Asking Employees and Family for Reviews
Asking employees and family members for reviews on your Amazon products sounds like a good idea, but amazon strictly prohibits them from giving reviews. Amazon considers family and employees to have some sort of interest in the business and so it would be similar to reviewing your own product.
Sellers ask for family and employee reviews simply because they want and know they will get positive reviews from them. Nonetheless, it is the same as writing your review.
How does Amazon recognize employee or family member reviews? Amazon runs a set of modern technology that detects account connections. If I have several employees and close family members, there is a high possibility that some of their accounts are directly linked to mine.
For instance, let’s say that one of my employees once used Amazon to buy a product and sent it directly to my address, or onetime I logged into my Amazon account from one of my family members’ house. All these accounts eventually link up and establish a connection, which is proof enough to Amazon that I am related to those people in one way or another.
Amazon only mentions family and employees and does not rule out friends, which means that they may or may not be prohibited from writing your reviews. With this regard, you can ask one or two friends to give you favorable feedback about your product but with caution, because it is also risky.
Asking Non-Amazon Buyers for Reviews
Most of the time, we create good customer-seller relationships both online and in our brick-and-mortar stores. The customers entrust us with the shipping of their goods and after-sales service. They give us a go-ahead to contact them anytime via their phone, email, or physical mail about our product updates and marketing messages.
As per Amazon policy, when someone buys my product from Amazon, they don’t become my customer, rather Amazon’s alone. Amazon clearly states this, and its breach can lead to account closure and loss to your business.

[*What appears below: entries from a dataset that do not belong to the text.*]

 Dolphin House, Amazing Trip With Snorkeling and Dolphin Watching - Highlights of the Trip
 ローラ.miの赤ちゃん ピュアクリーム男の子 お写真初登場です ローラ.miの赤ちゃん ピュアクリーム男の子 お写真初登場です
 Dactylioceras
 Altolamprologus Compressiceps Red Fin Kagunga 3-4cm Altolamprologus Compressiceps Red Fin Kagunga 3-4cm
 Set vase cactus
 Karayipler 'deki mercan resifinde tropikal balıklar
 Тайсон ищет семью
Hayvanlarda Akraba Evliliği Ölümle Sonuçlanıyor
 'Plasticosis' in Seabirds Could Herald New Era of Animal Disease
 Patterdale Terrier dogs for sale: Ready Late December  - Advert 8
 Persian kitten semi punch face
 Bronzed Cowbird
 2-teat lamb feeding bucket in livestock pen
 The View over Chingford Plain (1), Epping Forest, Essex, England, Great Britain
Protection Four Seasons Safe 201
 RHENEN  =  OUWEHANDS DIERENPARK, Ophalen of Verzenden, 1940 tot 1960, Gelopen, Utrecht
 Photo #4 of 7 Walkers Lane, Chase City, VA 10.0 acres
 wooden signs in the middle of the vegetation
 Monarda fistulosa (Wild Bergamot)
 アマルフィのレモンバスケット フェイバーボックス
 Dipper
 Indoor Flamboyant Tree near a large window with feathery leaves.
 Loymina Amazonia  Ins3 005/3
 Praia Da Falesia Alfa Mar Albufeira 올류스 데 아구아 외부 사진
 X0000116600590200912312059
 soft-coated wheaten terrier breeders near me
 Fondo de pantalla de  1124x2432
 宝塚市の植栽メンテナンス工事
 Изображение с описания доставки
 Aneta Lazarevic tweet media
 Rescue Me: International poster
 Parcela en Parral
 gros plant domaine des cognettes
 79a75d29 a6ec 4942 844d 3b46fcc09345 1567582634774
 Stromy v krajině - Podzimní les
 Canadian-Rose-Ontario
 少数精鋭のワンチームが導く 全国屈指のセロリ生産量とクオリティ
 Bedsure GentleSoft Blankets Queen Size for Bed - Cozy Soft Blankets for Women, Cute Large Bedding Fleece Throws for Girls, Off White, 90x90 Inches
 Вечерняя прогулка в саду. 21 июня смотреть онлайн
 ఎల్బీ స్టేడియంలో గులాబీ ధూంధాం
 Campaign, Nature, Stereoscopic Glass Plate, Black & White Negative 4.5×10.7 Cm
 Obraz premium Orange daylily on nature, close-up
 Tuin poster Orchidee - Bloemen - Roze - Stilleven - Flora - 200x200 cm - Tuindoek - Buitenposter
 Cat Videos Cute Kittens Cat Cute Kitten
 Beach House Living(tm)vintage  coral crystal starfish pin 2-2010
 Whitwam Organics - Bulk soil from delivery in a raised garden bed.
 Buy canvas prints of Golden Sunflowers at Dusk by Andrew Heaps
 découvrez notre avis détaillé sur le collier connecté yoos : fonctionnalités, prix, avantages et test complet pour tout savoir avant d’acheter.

Although Amazon customers may provide you with their contacts, it is only meant for delivery purposes, and you are prohibited from contacting customers using their phone numbers.
What about a customer’s email address? Amazon does not provide you with their customer’s real email addresses. Instead, they give us an encrypted version linked to the buyer-seller messaging service.
Amazon customers know that they are Amazon’s clients but not yours. According to their understanding, they buy products from amazon and not from you. It would therefore be a breach of policy for you to contact customers directly, which would raise eyebrows with Amazon.
There are no shortcuts to getting positive reviews on Amazon. Getting positive reviews is all about continuous hard work, persistence, and communication techniques. These are the keys to success in Amazon. Once we learn the art of trading right, and by observing the do’s and don’ts, you will get better reviews that translate to sales.
The growth might be slow but it’s worth it because eventually, you will scale up your monthly revenues without hacks and quick fixes that could land you in trouble.